*** INFORMATION PROVIDED ***
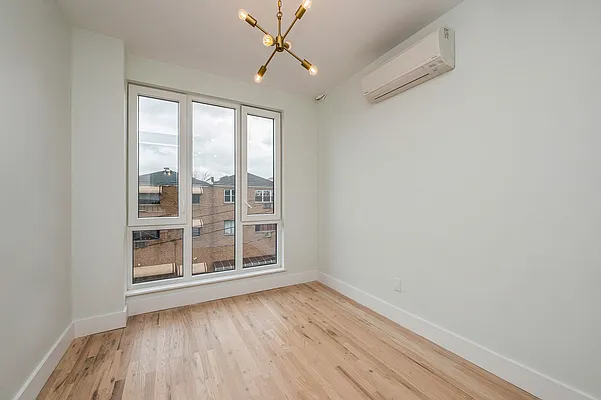Rented by Voro, LLC | media 2
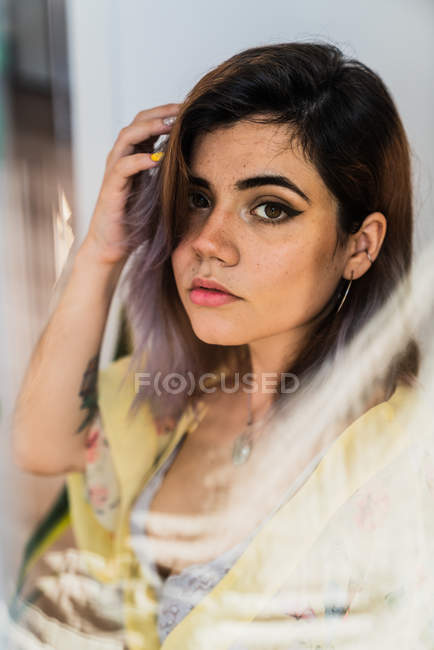 Porträt einer jungen Frau mit Make-up vor der Kamera — Stockfoto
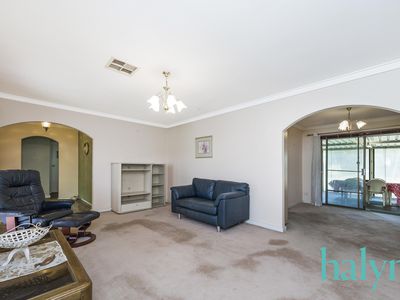 27 Methuen Way, Duncraig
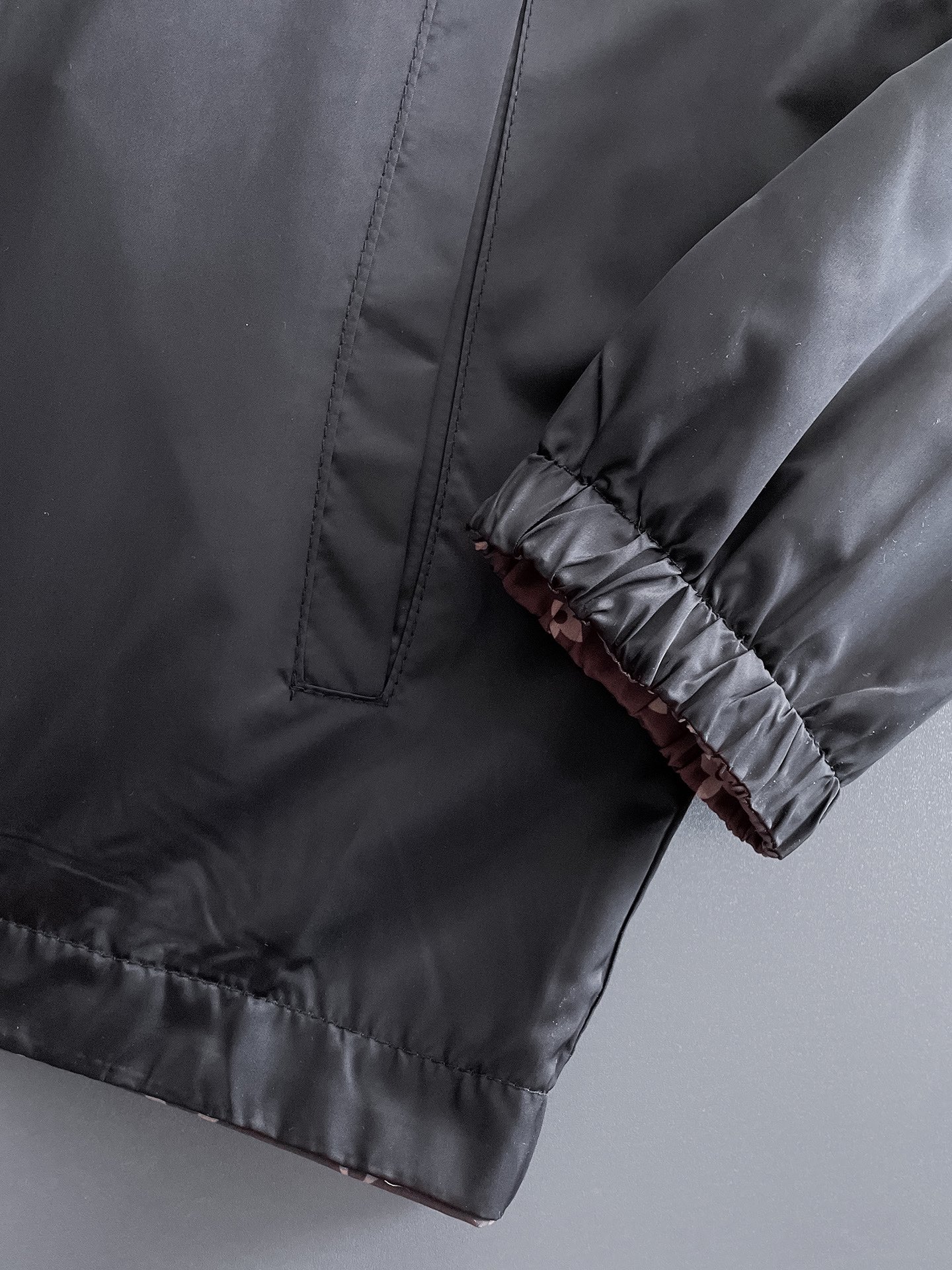 Hoodies & Sweatshirts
*** End of INFORMATION PROVIDED ***
WHAT YOU ARE ASKED TO DO
Any picture in the listing is to be omitted. Return exactly the lines from the one containing "Porträt einer jungen" through its last line, both included, and only those.

EXERCISE ANSWER
 Porträt einer jungen Frau mit Make-up vor der Kamera — Stockfoto
 27 Methuen Way, Duncraig
 Hoodies & Sweatshirts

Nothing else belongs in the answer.